----- LISTED RECORDS
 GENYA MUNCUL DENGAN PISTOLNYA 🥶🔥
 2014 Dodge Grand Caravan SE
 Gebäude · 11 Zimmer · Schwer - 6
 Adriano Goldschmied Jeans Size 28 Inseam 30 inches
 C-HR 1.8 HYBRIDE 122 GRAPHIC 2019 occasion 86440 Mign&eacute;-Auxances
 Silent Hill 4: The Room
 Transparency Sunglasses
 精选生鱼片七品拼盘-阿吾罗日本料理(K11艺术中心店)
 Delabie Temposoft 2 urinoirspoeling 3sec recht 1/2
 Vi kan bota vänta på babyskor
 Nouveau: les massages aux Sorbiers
----------
WORK INSTRUCTION: In the entries above, find the line with "Adriano Goldschmied Jeans", then retype it and every line after it exactly.

RESPONSE TO THE EXERCISE:
 Adriano Goldschmied Jeans Size 28 Inseam 30 inches
 C-HR 1.8 HYBRIDE 122 GRAPHIC 2019 occasion 86440 Mign&eacute;-Auxances
 Silent Hill 4: The Room
 Transparency Sunglasses
 精选生鱼片七品拼盘-阿吾罗日本料理(K11艺术中心店)
 Delabie Temposoft 2 urinoirspoeling 3sec recht 1/2
 Vi kan bota vänta på babyskor
 Nouveau: les massages aux Sorbiers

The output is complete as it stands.